## [TASK OBJECTIVE]
Leaving out all pictures, write out word for word the lines from the one containing "альфа пвп VHQ Горняк" to the end of the data below.

## [EXTRACTED RECORDS]
- - - - -
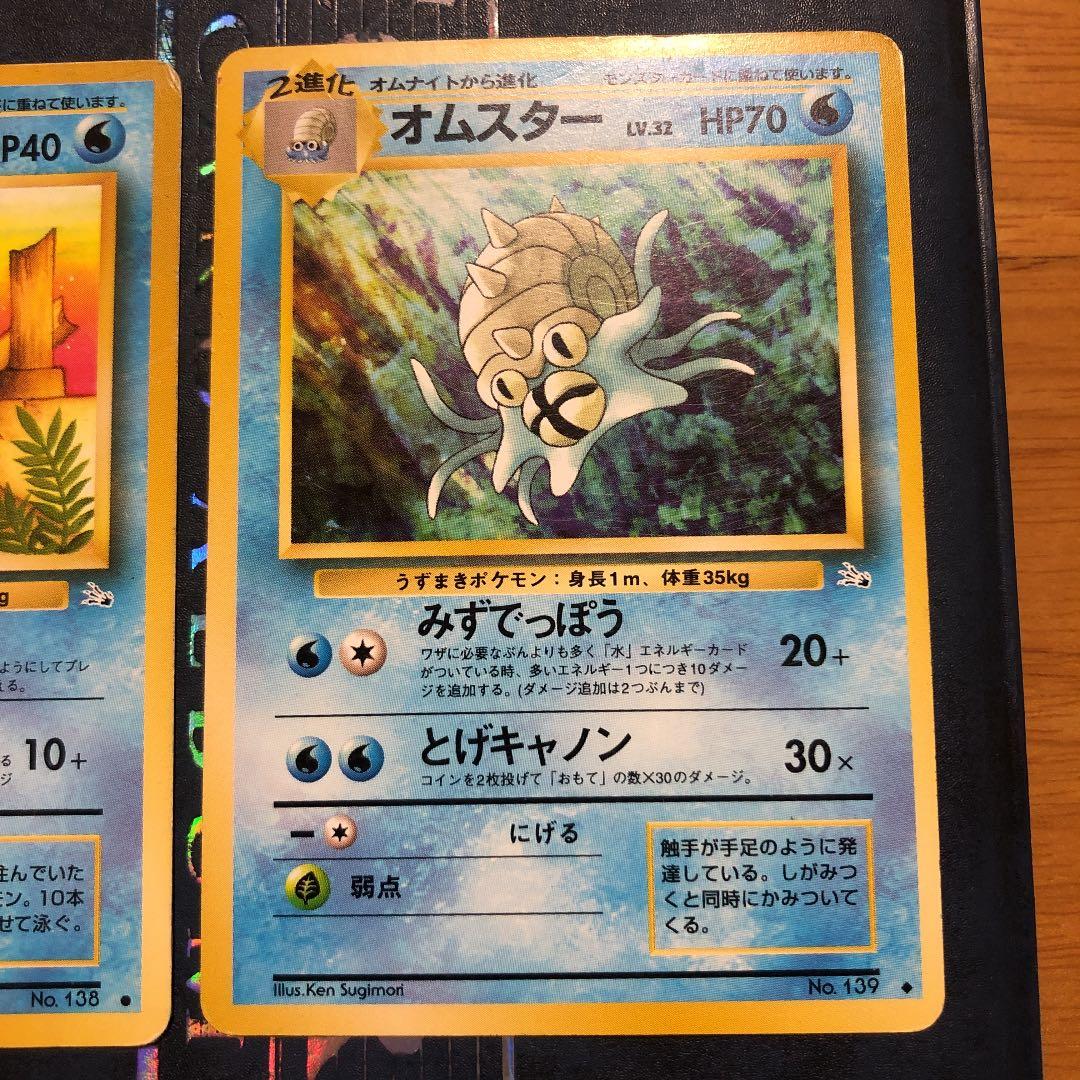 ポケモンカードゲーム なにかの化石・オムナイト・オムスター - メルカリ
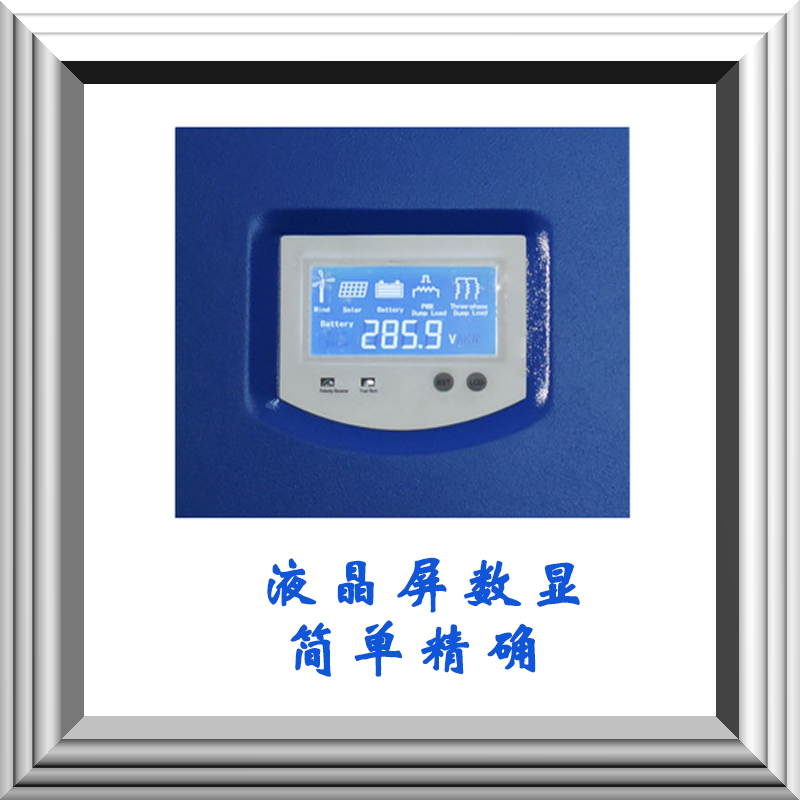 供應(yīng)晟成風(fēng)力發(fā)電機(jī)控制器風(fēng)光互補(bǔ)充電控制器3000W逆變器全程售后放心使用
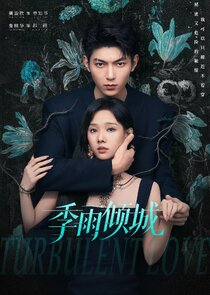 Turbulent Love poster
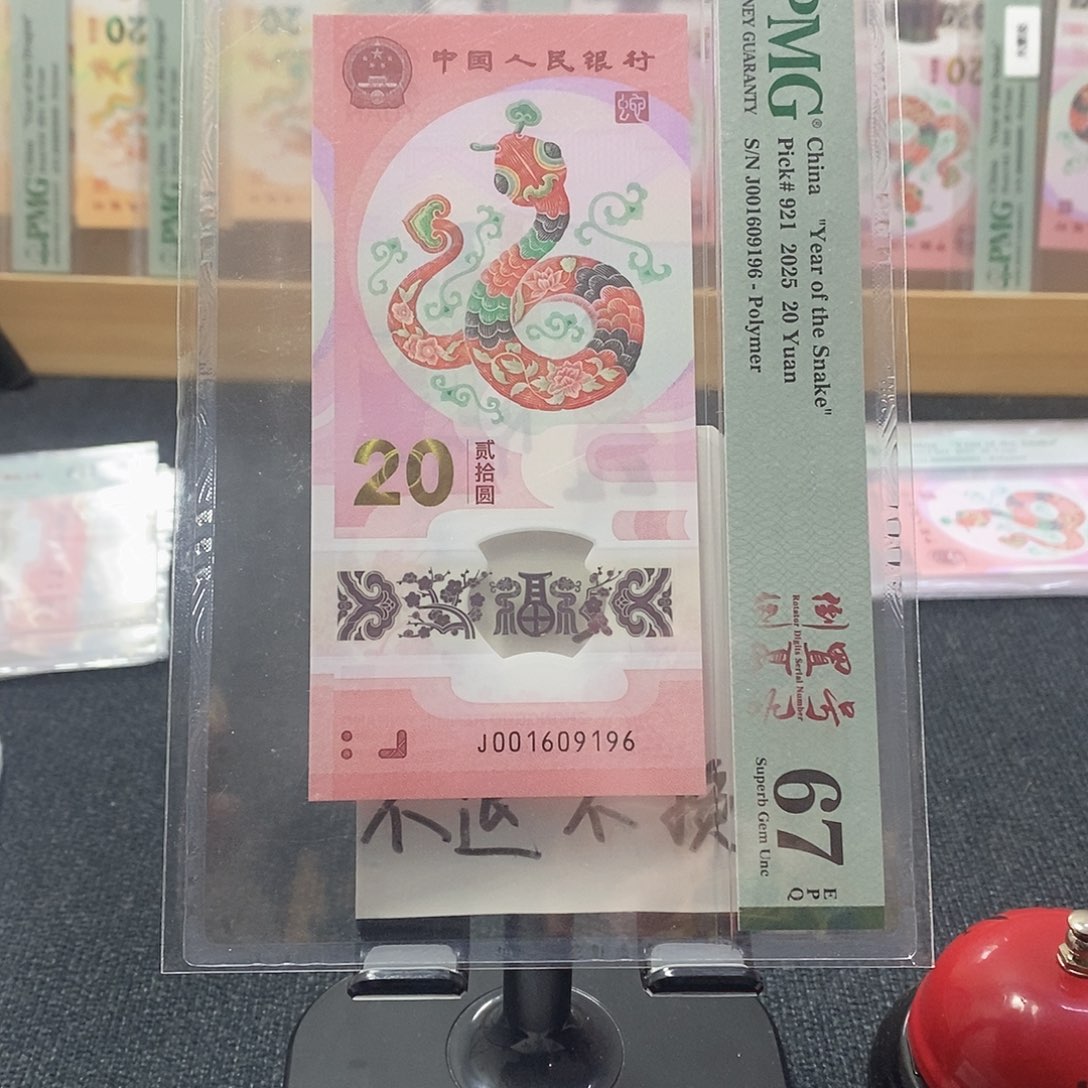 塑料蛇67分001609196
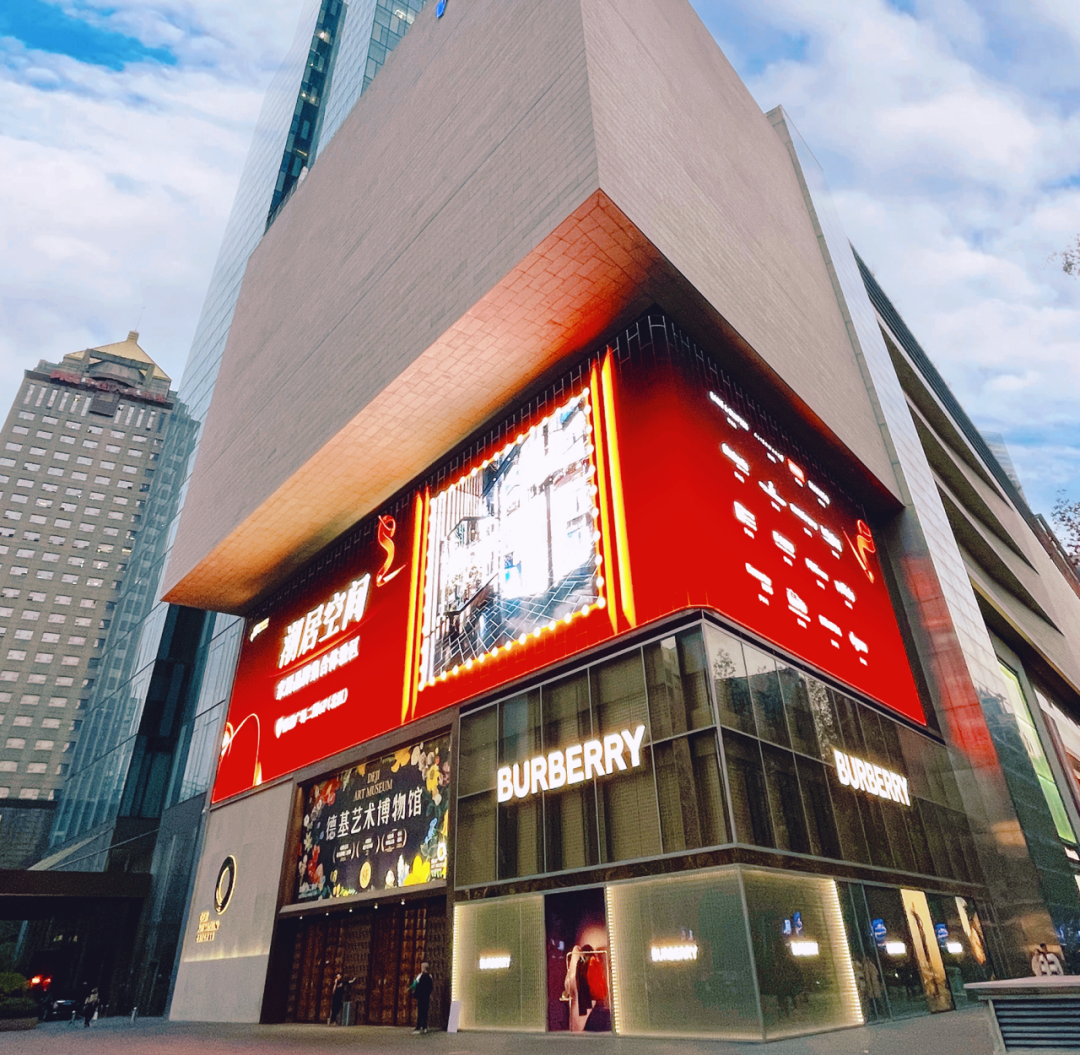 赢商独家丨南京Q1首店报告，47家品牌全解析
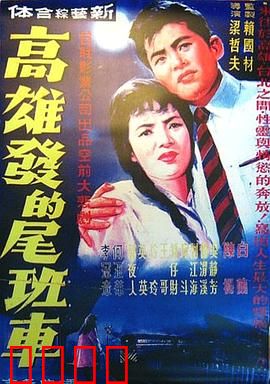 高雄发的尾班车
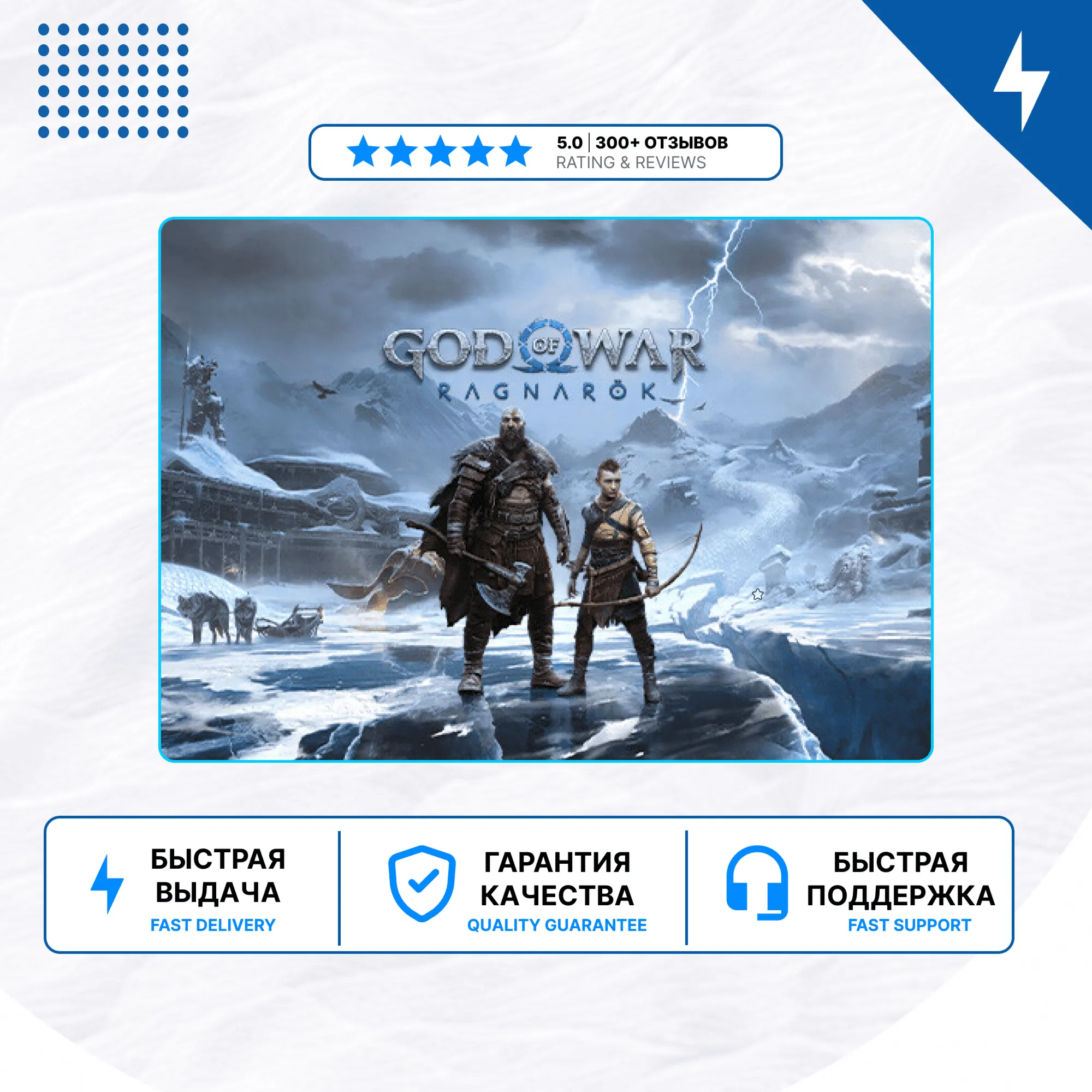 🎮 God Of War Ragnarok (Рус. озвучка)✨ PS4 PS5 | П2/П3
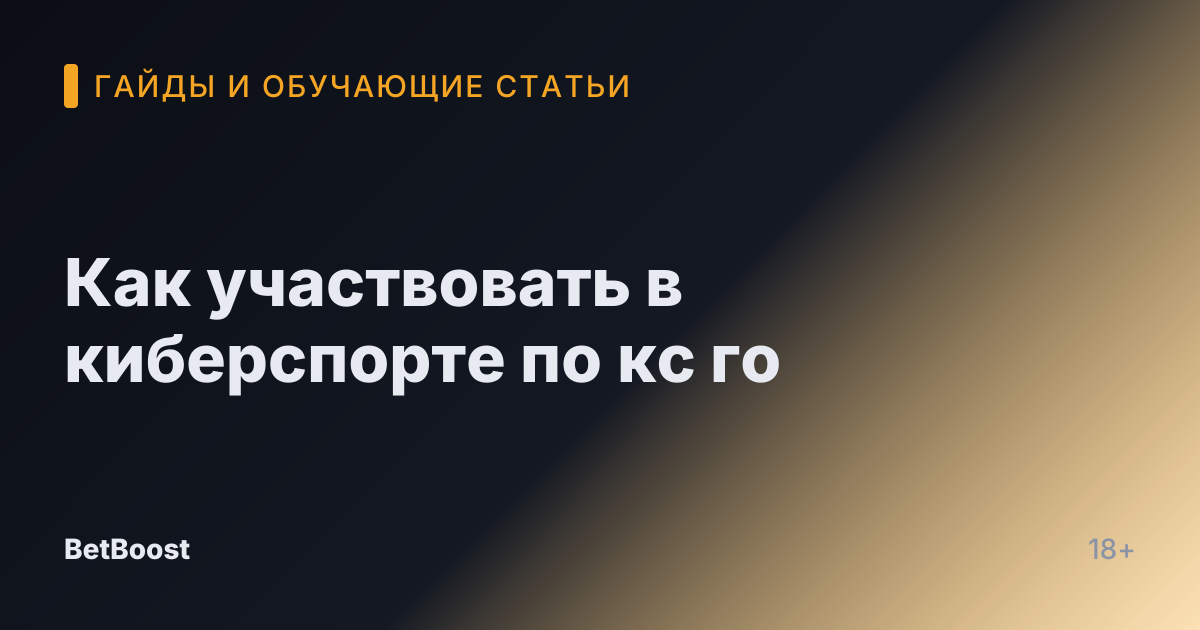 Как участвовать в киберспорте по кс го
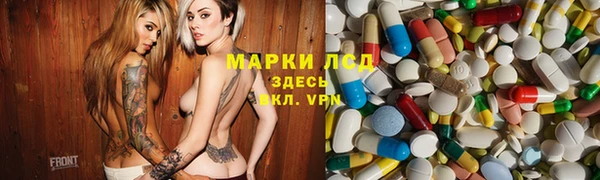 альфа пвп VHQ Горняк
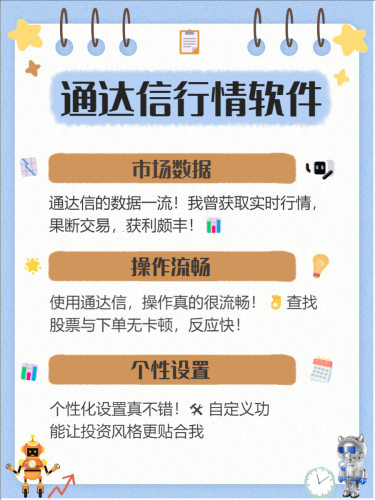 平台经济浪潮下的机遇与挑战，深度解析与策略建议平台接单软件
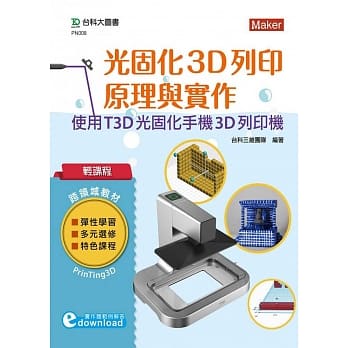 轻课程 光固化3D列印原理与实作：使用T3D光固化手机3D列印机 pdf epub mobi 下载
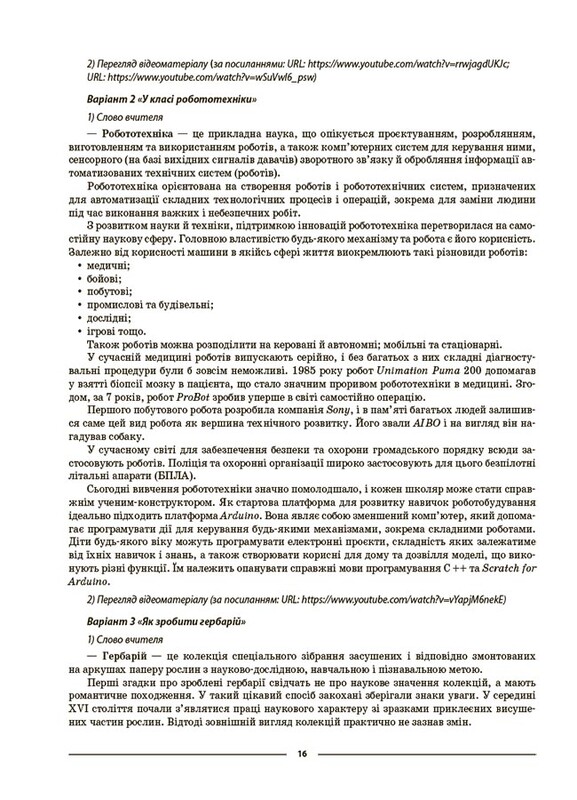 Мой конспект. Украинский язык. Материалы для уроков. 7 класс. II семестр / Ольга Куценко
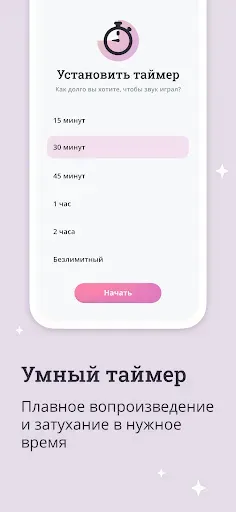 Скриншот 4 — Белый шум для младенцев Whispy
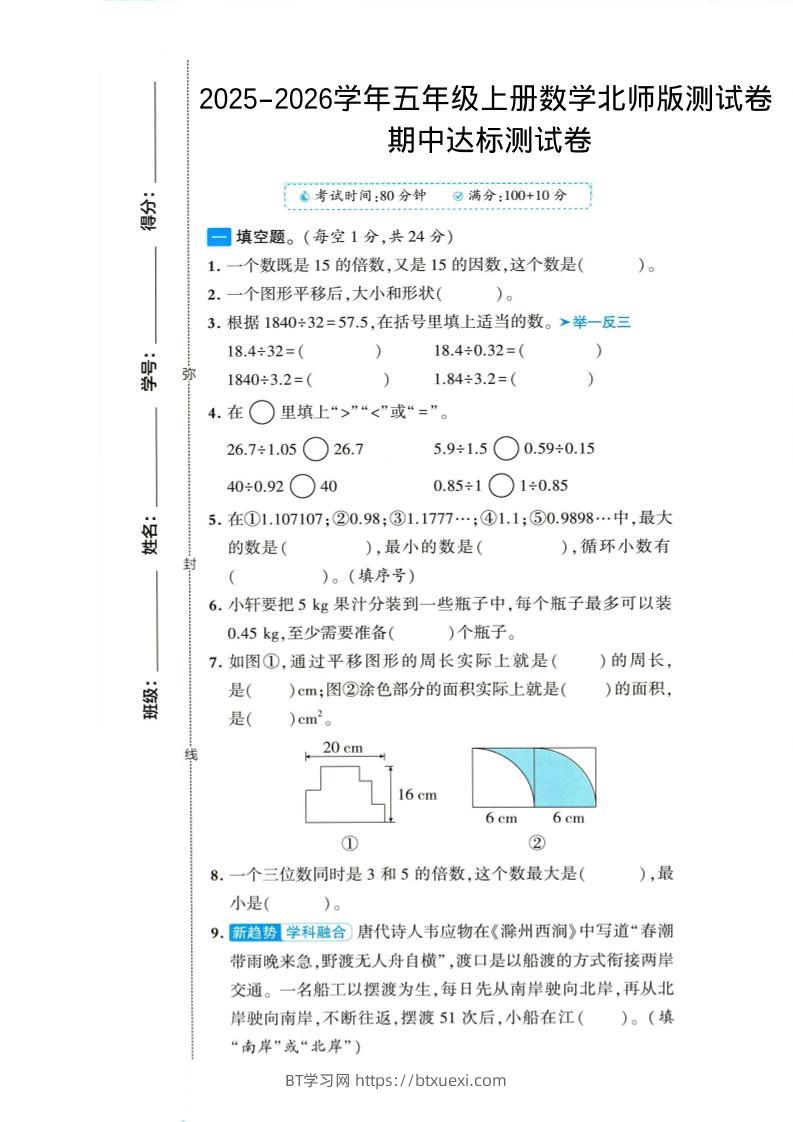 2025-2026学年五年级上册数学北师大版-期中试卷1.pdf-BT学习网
- - - - -
## [WRITTEN ANSWER]
 альфа пвп VHQ Горняк
 平台经济浪潮下的机遇与挑战，深度解析与策略建议平台接单软件
 轻课程 光固化3D列印原理与实作：使用T3D光固化手机3D列印机 pdf epub mobi 下载
 Мой конспект. Украинский язык. Материалы для уроков. 7 класс. II семестр / Ольга Куценко
 Скриншот 4 — Белый шум для младенцев Whispy
 2025-2026学年五年级上册数学北师大版-期中试卷1.pdf-BT学习网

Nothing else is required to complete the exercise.